Trying to figure out what your friend’s house looks like before you go for the first time? Google Street View almost certainly has a picture of it. Ever wanted to take a stroll through a distant city on a whim? Street View’s got you covered. How about a quick jaunt on Antarctica, or even space? Street View’s there, too.
Since launching in 2007, Google’s service for imaging the traversable parts of the world has been busy. Its coverage today boasts 12 million miles across 110 countries, which only gets more impressive once you realize that the company is taking new pictures of those miles all the time. And it’s not just roads: There are plenty of hard-to-access areas on the service, many of which cannot be reached by cars at all.
So how does Google do it? Yes, you’ve likely seen one of the brightly liveried Street View cars in your town at some point. But Street View collects data from all sorts of sources. It might take photos from satellites, planes, and even, if you’re willing, you. The real star of the show, though, is its proprietary camera system, which has evolved a lot over 20 years and has now reached the point where it can go on almost anything. In fact, it already has.
The camera that captured the world
The Street View camera rig wasn’t always a technological triumph. The original model all the way back in 2007 was a 500-pound monstrosity that needed a forklift to actually get on the roof of the Chevrolet Astro van that became the service’s first vehicle. The camera’s been on a diet ever since, shaving hundreds of pounds off in the intervening decades.
The current model, introduced in 2022, is just a little lighter, weighing only 15 pounds. It therefore doesn’t require expensive and clunky mounting rigs that only work on a handful of cars. These days, anything with a roof rack can have a Street View camera slapped on it. Google then hires a legion of contract drivers to crisscross the world’s roads in the company’s vehicle fleet.

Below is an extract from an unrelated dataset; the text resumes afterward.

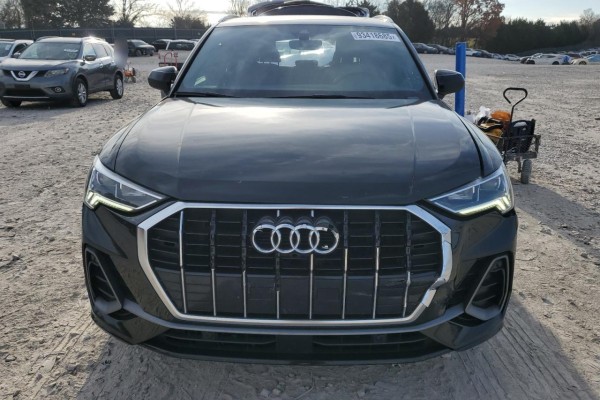 2021 Audi Q3 с пробегом 56 862 миль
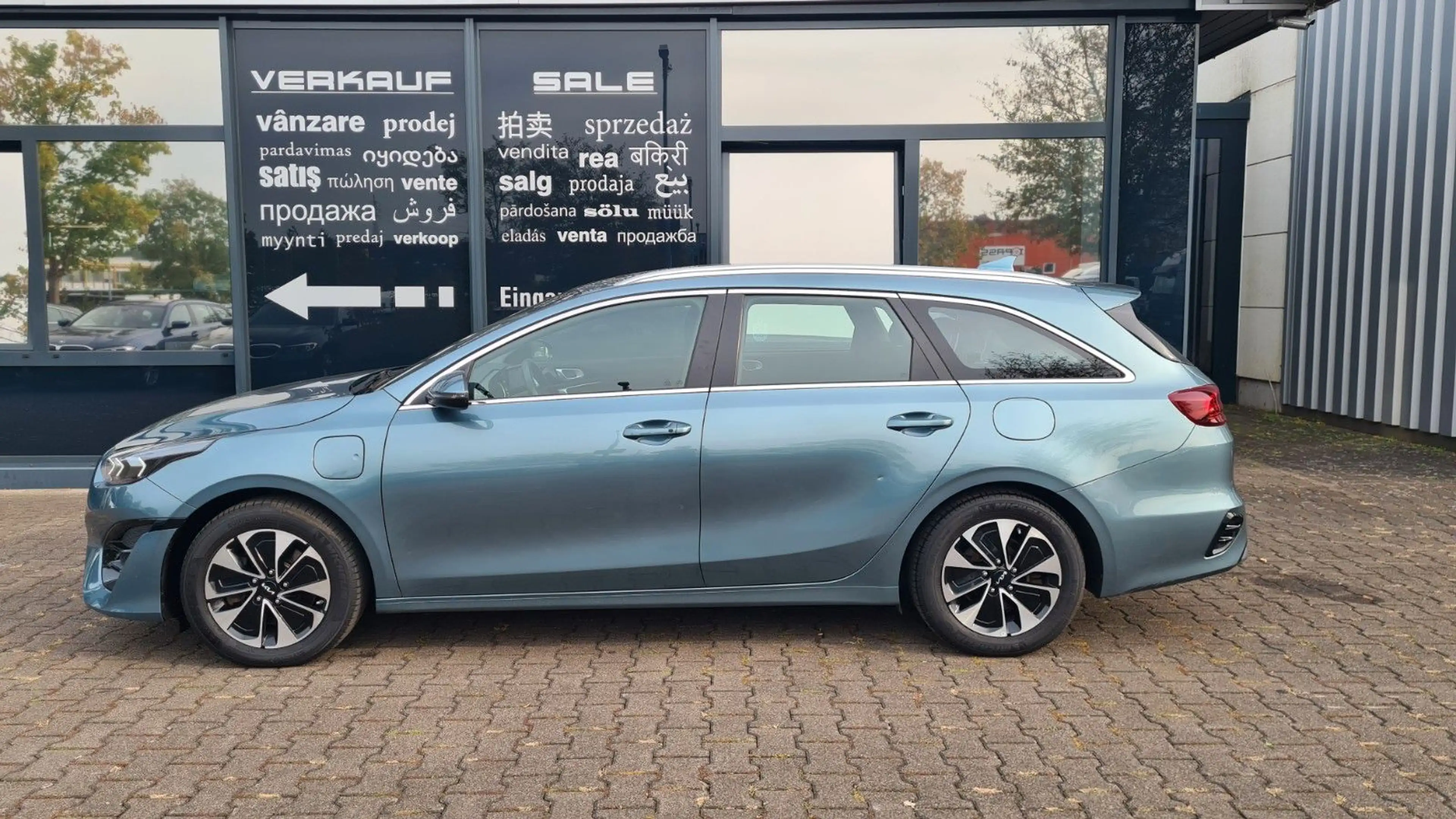 Kia Ceed SW / cee'd SW Vision - ASSISTS - CAM - — photo 10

The cameras themselves feature seven 20-megapixel sensors and are wired into a bank of computers hogging the back seats. That stores all the information being collected; far more than just the images, the camera is collecting location data as well as the car’s speed and direction. These computers are eventually driven back to one of just three Street View hubs, one each in North America, Asia, and Europe.
Later processing stitches all of that together into a panorama of an exact spot in the world, and then stitches all those together into the navigable service we all use today. Lasers can even be added to the modular camera system to scan the area, which is how Google gets its 3D maps of a location.
Camera carriers
Any car with a roof rack gives Google a pretty wide set of options, but what if that’s still not enough? Well, turns out there are a lot of places cars just can’t go. Pedestrian promenades, great works of architecture, big campuses, or really rugged terrain — Google’s cameras needed some new carriers to get around a lot of the Earth. Basically, if it’s ever transported something before, it’s probably transported a Street View camera.
Camels for the harshest deserts. Boats for swampy waterways. Snowmobiles for, well, snowy bits. Scuba divers have photographed the seas. Human-powered trikes have gone where cars are forbidden to go. On the Faroe Islands, where sheep outnumber people, those sheep were put to work for Google. Obviously, on Mars, Google used an ATV (okay, not Mars, but Devon Island, the most Mars-like place on Earth). There’s even a push-cart trolley to get inside museums.
But to get to the really tough-to-reach places, you’ve got to go get some good old-fashioned humans. Hikers have schlepped Google’s backpack-mounted Trekker system to Machu Picchu, Antarctica, and even the interior of a volcano, among many other places. In fact, one guy went way, way out there — to space. Astronaut Thomas Pesquet took a custom rig to the International Space Station, which, yes, you can check out on Google Street View.
Beyond Google
All that is an expensive endeavor, which is why Google also ingests information from a variety of third-party sources, over a thousand in all. It’s also getting photography from satellites and aircraft. Local governments have a lot it can pull from, too.
But one of Street View’s biggest methods of getting new photography is you. All you have to do is buy a compatible camera, mount it to your vehicle of choice, take pictures on the move, and then upload it all to Street View Studio. Google will take it from there. This volunteer system grants Google updated images of all sorts of places it doesn’t cover on its own often if at all.
All combined, Google Street View covers most accessible areas in the world, really only missing out on the deepest deserts and tundras plus central Africa and most of eastern Russia. That would have seemed unthinkable in 2007, but Google, with the help of a nifty camera system and every vehicle under the sun, found a way to capture the world.